El milagro, lo que no tiene precio, es el cariño tan ensordecedor que arropó a mi tita Mercedes hasta el último momento. Ella, profesora en un instituto de Huércal-Overa (Almería), recibió cientos de besos de familiares, amigos, compañeros y alumnos. Alumnos de ahora y de antes. Semillas que sembró en el camino y que ahora dan sus frutos. Jóvenes que miraban con ojos cargados de emoción la última lección que Mercedes iba a impartir: “vivid; y disfrutad de todo lo que eso conlleva”.

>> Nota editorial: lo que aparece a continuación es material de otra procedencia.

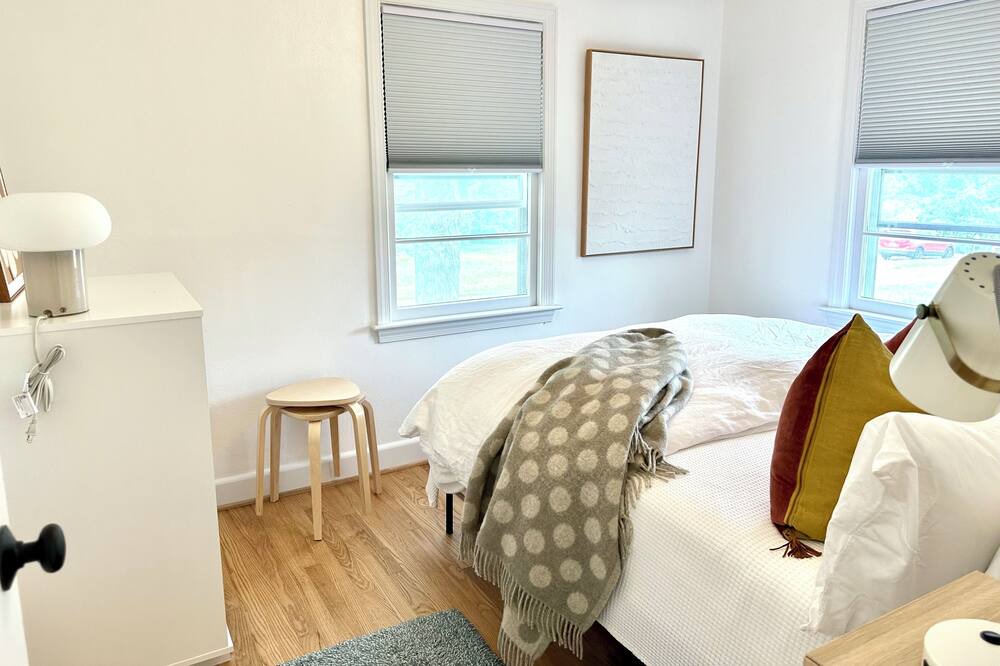 Photo of Bedroom in Ridge St.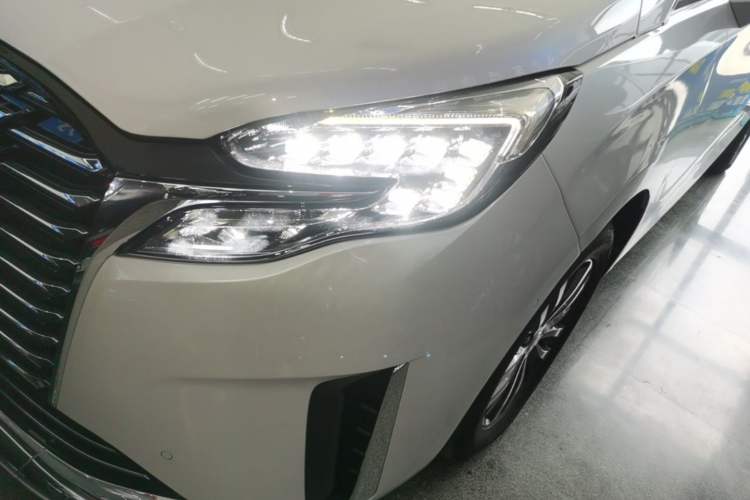 Used Buick GL8 2023 ES Lu Zun Deluxe Model Left Front Headlight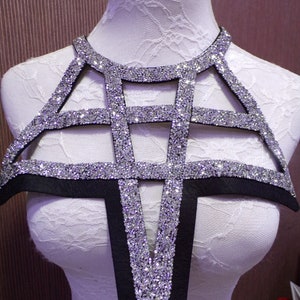 Beautiful Diamante Silver Beaded Applique, Rhinestone Neck Trim, Round Neck Trim for Tops, Dresses, Dancewear, Sewing, Craft
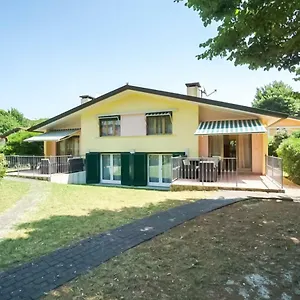  Apartment Girasole Italien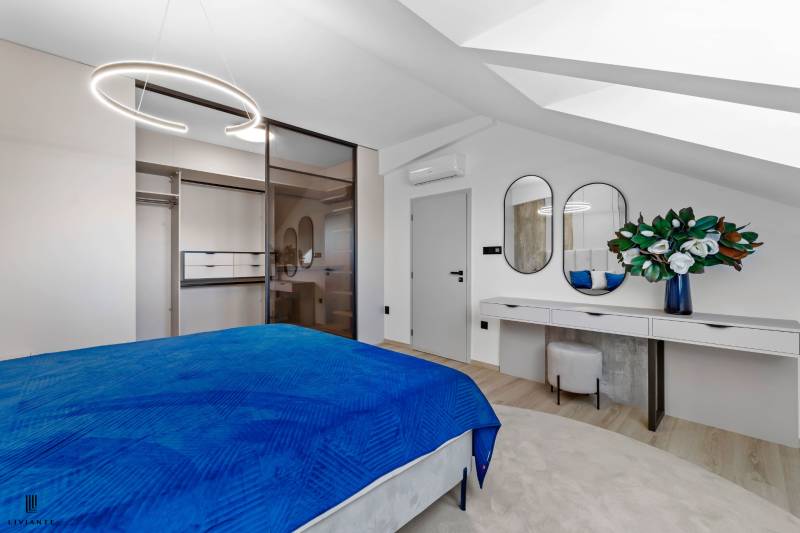 Rent Three bedroom apartment, Three bedroom apartment, Trnavská cesta,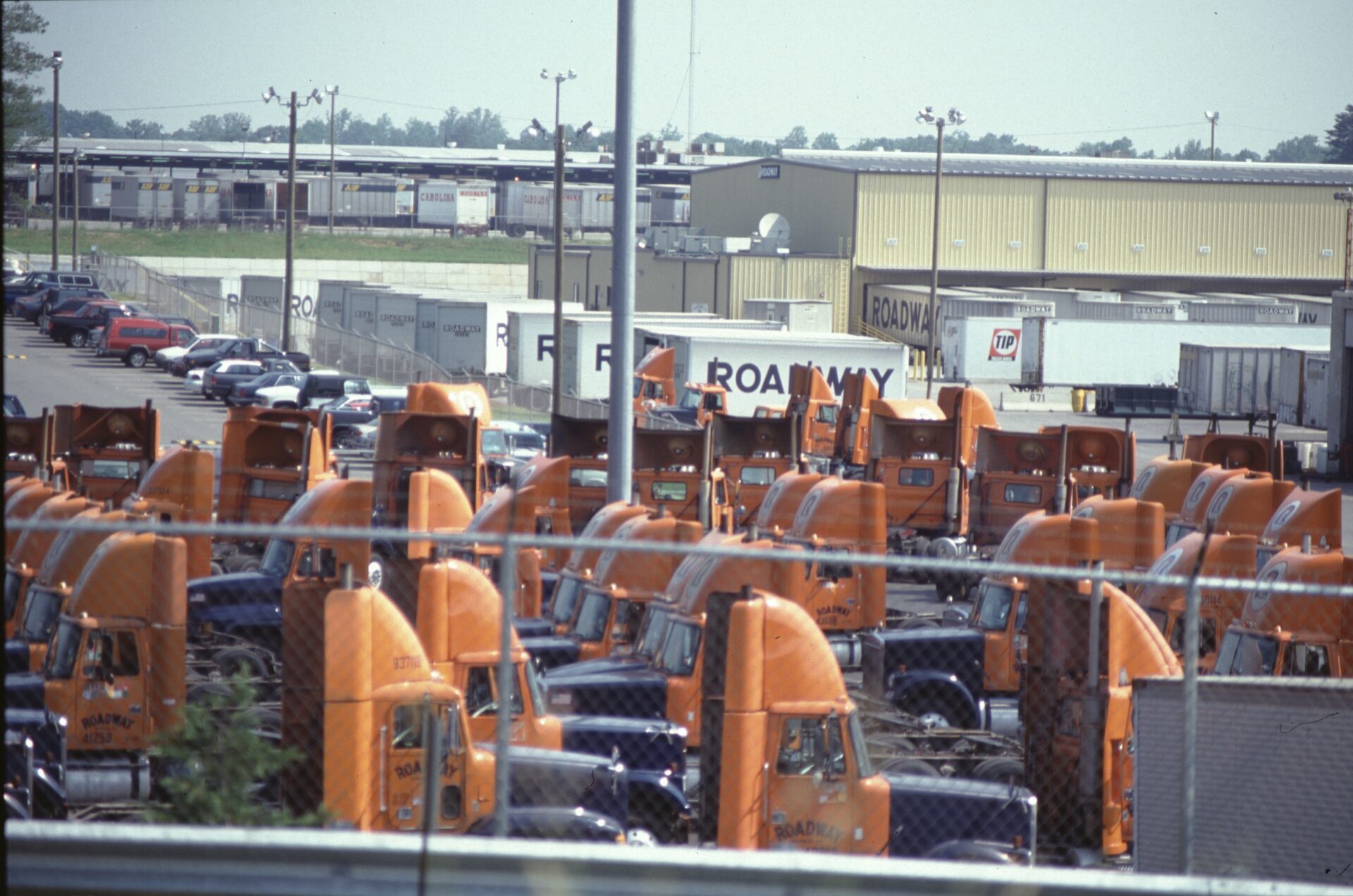 Efter 100 år i branschen står nu 12 700 dragbilar och 42 000 trailers parkerade. Foto: Sven-Erik Lindstrand.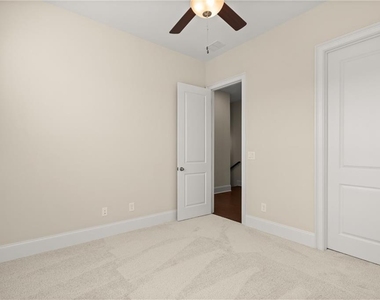 136 Village Green Avenue - Photo Thumbnail 17
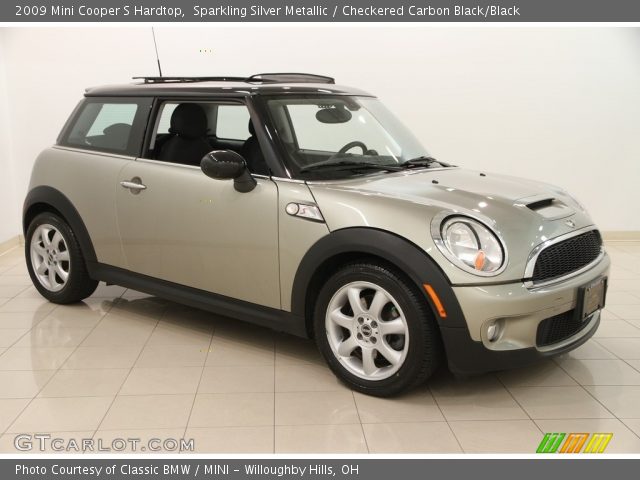 2009 Mini Cooper S Hardtop in Sparkling Silver Metallic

Les hablaba de ‘Up’ porque, durante la misa, mientras miraba a mi tío Guillermo, no podía quitarme de la cabeza los cuatro minutos del principio de la película. Me imaginaba a mí en una situación así, hundido quizás en los recuerdos, incapaz de volver a pensar en aventuras. Y él, mientras, estoico y emocionado, dedicaba la mejor sonrisa que podía a cada nuevo pésame.
Llámenlo esperanza, amor o fe. Pero estoy seguro de que Mercedes, como la señora Fredricksen, será inolvidable. Y él, como el señor Carl, seguirá cumpliendo sueños. Por él y por ella. Por los dos.